Entre le Rassemblement national et Marie-Christine Saragosse, Laurent Jacobelli ayant reproché à France 24 d'employer plusieurs journalistes ayant tenu des propos "antisémites". L'une d'entre eux a depuis été licenciée, et des actions de formation ont été mises en place, a précisé la dirigeante de France Médias Monde. Avant de rapporter que France 24 apporte des "nuances bien rares" sur le conflit opposant Israël au Hamas, entraînant d'ailleurs une perte d'audience pour la chaîne et menaces pour ses journalistes arabophones, taxés d'être pro-Israël dans le monde arabe.
Entre Aurélien Saintoul (LFI) et Delphine Ernotte Cunci, au sujet de Nathalie Saint-Cricq, récemment visée, ainsi que d'autres personnalités dans une campagne d'inscription sur les listes électorales lancée par le parti de Jean-Luc Mélenchon. Venant au soutien "sans réserve" de l'éditorialiste, la présidente de France Télévisions a évoqué une "grande journaliste" et a rappelé que la justice avait été saisie.
Entre Mounir Belhamiti (Renaissance) et Delphine Ernotte Cunci enfin, l'élu Renaissance ayant cité le compte X (ex-Twitter) "Médias citoyens", qui se présente comme un "collectif citoyen pour des médias intègres, déontologiques et non populistes". "Ils sont sur les réseaux sociaux, ils sont peut-être manipulés. Je ne sais pas qui c'est [...] et dans cette Assemblée, vous les mettez au même niveau que l'Arcom", a regretté la dirigeante de France TV. "Moi je veux bien faire un compte 'Médias citoyennes' qui balance des trucs prouvés par pas grand-chose", a-t-elle poursuivi sans cacher son mécontentement.
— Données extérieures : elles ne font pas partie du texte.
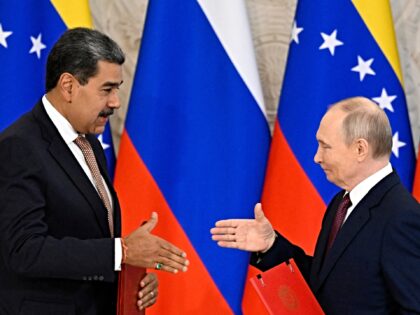 Russian President Vladimir Putin and Venezuelan President Nicolas Maduro shake hands as th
Par ailleurs, Delphine Ernotte Cunci a considéré devant les députés que la récente décision du Conseil d'Etat, qui a demandé un contrôle renforcé du pluralisme des chaînes, va être "assez compliquée" à mettre en œuvre. La semaine dernière, auditionnés par la commission d'enquête, les dirigeants du groupe Canal+ et les responsables de CNews avaient clairement critiqué cette décision, s'estimant particulièrement visés par celle-ci.
"Je comprends l'enjeu du pluralisme, néanmoins, je m'interroge sur la manière dont tout ça va se mettre en place", a-t-elle indiqué, ajoutant : "Il me semble, par exemple, impossible de demander à un éditorialiste quelle est sa couleur politique du moment" et estimant "qu'un individu peut voter d'une certaine manière mais avoir sur un autre sujet un avis qui diffère du parti politique pour lequel il a voté".
"Tout ça me semble assez compliqué", a résumé la dirigeante du groupe audiovisuel public, soulignant que France TV avait déjà à cœur de faire respecter un "équilibre" sur ses antennes. Elle a toutefois dit faire "confiance à l'Arcom" (le régulateur de l'audiovisuel) pour "mettre en œuvre ceci dans le respect de l'essence de la loi de 1986" sur l'audiovisuel, qui est une "loi de liberté d'expression".
Interrogée pour savoir si elle approuverait quelqu'un qui demanderait "la fermeture de CNews", Delphine Ernotte Cunci elle a répondu : "Non, je ne veux pas la mort de CNews. Mais il est normal qu'elle respecte les règles, comme tout le monde". La semaine prochaine, la commission d'enquête présidée par Quentin Bataillon (Renaissance) auditionnera Vincent Bolloré et Cyril Hanouna.